EXERCISE MATERIALS ::
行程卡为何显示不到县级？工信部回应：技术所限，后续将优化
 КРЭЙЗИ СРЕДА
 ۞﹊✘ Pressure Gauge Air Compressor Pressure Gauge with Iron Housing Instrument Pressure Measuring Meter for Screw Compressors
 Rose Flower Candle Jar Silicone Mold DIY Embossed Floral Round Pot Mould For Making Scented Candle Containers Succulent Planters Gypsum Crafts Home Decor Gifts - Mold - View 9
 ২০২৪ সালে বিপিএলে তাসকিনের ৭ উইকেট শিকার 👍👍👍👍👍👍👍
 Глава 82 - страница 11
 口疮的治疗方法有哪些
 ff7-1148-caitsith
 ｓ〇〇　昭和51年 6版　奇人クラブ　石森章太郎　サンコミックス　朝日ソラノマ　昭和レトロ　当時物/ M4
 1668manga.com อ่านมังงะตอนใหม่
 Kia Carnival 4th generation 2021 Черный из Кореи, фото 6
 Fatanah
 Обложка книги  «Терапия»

EXERCISE GOAL ::
Set down exactly the lines beginning at the one that holds "২০২৪ সালে বিপিএলে" and ending with the last line of the data.

ANSWER TO THIS TASK ::
 ২০২৪ সালে বিপিএলে তাসকিনের ৭ উইকেট শিকার 👍👍👍👍👍👍👍
 Глава 82 - страница 11
 口疮的治疗方法有哪些
 ff7-1148-caitsith
 ｓ〇〇　昭和51年 6版　奇人クラブ　石森章太郎　サンコミックス　朝日ソラノマ　昭和レトロ　当時物/ M4
 1668manga.com อ่านมังงะตอนใหม่
 Kia Carnival 4th generation 2021 Черный из Кореи, фото 6
 Fatanah
 Обложка книги  «Терапия»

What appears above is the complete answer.